Des dossiers de textes à venir ou non sont ouverts. La plupart restent des placards, des alcôves, des impasses. D’autres relèvent du domaine privé, inaccessible derrière la clôture. Tous étendent le périmètre de Gondorla qui cherche une respiration et une langue apaisées.
Dans la légende de Gondorla, une clairière non figurative et non écrite s'ouvre au milieu des éléments qui rendent visible la seconde nature. Ce lieu est sous le signe de l'agôn, qui est lutte de la vie comme combat et disparition.
Ordinairement, cet entre-textes est consacré à l'exercice avant l’agôn, et au repos après lui. Il offre sa solitude bienveillante à qui s'attarde et reprend des forces entre deux épreuves. Parfois il doit redevenir arène, car, perpétuellement, l’agôn se relance. Les combats sans mort ni blessure y durent alors tout le jour.
Bien sûr, à tout moment et comme toute forme de vie, Gondorla peut cesser son institution laborieuse. Son oubli s’accélérera. Mais la ruine n’affectera pas le geste mental de Gondorla : chaque élément de l’utopie, et le nom même de Gondorla, contient Gondorla tout entière (synecdoque). Le reste relève de l’impermanence, et de ma fin comme de celle de mon monde quand il allait sombrer.

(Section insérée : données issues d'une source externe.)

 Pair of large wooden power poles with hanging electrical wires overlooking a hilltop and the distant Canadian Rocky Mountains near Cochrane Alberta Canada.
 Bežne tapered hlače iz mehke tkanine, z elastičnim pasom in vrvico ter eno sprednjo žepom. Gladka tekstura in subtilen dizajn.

De ce qui précède, je n'ai pas de preuve autre qu'une croyance qui ne passe pas.
Plus j’avance, plus cette esthétique obsessionnelle, inutile, m’est opaque. Plus ce que j’ai appris, ou cru, se délite. Je n'ai pas le fétichisme de ces motifs obscurs : ils ont vocation à s'abolir. Gondorla se gaspille, embrasse sa propre insignifiance, et la célèbre.

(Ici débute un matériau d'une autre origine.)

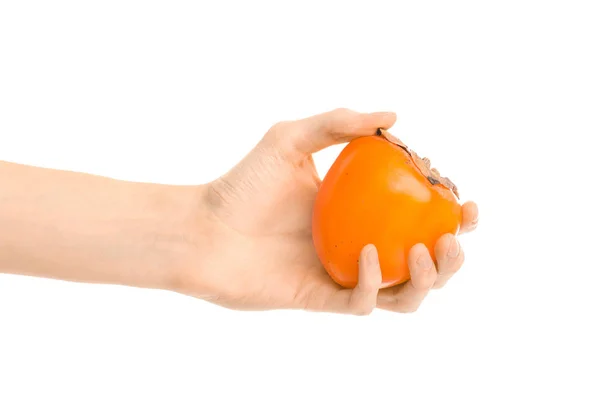 Тема: Human hand holding a ripe persimmon isolated on a white background in the studio — стоковое фото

Ce qui subsiste pour l'instant est la typographie des éléments de Gondorla, ou ici simplement le défilement de leur code informatique avec une suite de 1 et de 0 : mon double numérique dans cette recherche, dont j'accepte l'échec quand le lambris pourrit et le papier-peint se déchire.
Je ris jaune et prends mes jambes à mon cou. Mon désir de Gondorla m'a claqué sa porte au nez, et j’ai perdu la clef. Je suis devant lui. Affranchi, il est désormais la Chose Gondorla, qui est sans idée du mal.
O. N.
Je n'ai pas compris un seul mot, il me faut une méthode facile, alternative : Gondorla Subliminal
P. S. : Et puis, comme tout le monde, Gondorla a ses hauts et ses bas. Elle a parfois envie de s'asseoir sur une chaise et de pleurer, sans que les larmes ne viennent.
D'autres jours, elle saute en l'air, et chante : sa vie est une comédie musicale où tout est joie.